Detection of Intoxicated Individuals from Facial Video Sequences via a Recurrent Fusion Model
This addresses public safety concerns by enabling non-invasive alcohol intoxication detection, but it is incremental as it builds on existing video analysis methods.
The study tackled the problem of detecting alcohol intoxication from facial video sequences by introducing a recurrent fusion model that integrates facial landmark analysis with spatiotemporal features, achieving 95.82% accuracy, 0.977 precision, and 0.97 recall.

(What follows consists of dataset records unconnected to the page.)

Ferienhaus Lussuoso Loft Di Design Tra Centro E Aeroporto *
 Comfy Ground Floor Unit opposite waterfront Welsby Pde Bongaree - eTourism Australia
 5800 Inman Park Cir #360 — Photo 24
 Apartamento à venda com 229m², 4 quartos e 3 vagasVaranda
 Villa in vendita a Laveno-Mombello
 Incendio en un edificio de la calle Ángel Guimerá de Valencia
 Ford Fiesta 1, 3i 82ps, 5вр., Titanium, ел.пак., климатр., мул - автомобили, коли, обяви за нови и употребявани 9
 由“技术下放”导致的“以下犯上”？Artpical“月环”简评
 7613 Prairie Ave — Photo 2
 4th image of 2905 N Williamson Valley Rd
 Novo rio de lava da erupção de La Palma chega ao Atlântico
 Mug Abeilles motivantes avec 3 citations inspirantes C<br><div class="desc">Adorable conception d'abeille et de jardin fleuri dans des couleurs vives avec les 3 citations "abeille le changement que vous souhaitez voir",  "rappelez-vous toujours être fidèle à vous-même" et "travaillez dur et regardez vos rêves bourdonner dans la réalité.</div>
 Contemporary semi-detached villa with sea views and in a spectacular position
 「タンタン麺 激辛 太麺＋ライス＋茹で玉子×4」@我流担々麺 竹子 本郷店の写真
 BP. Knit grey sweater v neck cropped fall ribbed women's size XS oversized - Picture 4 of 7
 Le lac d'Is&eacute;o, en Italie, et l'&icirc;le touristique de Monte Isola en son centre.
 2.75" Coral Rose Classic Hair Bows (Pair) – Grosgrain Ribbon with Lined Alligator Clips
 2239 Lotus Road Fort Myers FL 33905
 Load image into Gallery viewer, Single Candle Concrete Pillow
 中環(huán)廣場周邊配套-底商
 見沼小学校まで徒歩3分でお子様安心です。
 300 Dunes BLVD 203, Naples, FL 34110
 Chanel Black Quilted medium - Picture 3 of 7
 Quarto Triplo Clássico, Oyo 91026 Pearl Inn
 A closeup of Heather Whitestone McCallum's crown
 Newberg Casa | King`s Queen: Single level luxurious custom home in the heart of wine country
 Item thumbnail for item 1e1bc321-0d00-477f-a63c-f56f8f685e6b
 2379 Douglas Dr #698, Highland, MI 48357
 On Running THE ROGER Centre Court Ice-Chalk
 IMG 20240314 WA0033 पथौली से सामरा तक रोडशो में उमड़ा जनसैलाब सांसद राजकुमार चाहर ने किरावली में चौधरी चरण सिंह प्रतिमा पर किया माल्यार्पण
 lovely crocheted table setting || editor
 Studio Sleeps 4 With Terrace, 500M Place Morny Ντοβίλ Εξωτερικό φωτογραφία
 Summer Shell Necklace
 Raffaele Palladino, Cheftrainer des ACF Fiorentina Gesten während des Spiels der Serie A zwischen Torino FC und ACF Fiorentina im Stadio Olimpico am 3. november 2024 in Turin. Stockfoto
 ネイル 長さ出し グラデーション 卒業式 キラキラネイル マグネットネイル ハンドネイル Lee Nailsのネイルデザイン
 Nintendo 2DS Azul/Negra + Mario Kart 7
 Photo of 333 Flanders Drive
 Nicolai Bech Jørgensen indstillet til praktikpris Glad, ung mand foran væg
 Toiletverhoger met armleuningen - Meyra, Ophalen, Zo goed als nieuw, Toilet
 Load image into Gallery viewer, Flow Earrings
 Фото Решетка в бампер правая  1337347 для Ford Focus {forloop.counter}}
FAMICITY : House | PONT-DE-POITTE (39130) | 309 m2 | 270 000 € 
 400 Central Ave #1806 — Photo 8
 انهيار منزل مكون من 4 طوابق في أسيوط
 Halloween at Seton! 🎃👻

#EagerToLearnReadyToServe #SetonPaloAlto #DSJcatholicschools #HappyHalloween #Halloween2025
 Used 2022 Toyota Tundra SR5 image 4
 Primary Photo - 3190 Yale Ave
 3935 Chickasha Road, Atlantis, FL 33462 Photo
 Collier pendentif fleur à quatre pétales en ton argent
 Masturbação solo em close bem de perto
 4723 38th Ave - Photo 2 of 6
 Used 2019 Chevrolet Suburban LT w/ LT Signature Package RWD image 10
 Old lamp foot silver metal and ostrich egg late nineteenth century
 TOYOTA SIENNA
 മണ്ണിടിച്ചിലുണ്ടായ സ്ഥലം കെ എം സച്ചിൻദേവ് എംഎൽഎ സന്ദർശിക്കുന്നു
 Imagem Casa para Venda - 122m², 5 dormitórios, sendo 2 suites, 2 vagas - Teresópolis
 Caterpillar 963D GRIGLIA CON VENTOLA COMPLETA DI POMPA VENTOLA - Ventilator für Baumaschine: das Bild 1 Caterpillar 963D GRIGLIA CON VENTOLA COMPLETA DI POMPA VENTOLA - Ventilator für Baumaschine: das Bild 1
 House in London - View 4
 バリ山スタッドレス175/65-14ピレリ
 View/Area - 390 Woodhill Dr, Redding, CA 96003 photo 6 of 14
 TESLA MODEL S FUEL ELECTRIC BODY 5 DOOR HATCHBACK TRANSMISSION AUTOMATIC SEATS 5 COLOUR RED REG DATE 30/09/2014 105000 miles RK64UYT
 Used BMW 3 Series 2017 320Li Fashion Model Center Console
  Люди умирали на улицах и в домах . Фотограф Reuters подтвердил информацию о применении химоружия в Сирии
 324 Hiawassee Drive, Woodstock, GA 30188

Alcohol consumption is a significant public health concern and a major cause of accidents and fatalities worldwide. This study introduces a novel video-based facial sequence analysis approach dedicated to the detection of alcohol intoxication. The method integrates facial landmark analysis via a Graph Attention Network (GAT) with spatiotemporal visual features extracted using a 3D ResNet. These features are dynamically fused with adaptive prioritization to enhance classification performance. Additionally, we introduce a curated dataset comprising 3,542 video segments derived from 202 individuals to support training and evaluation. Our model is compared against two baselines: a custom 3D-CNN and a VGGFace+LSTM architecture. Experimental results show that our approach achieves 95.82% accuracy, 0.977 precision, and 0.97 recall, outperforming prior methods. The findings demonstrate the model's potential for practical deployment in public safety systems for non-invasive, reliable alcohol intoxication detection.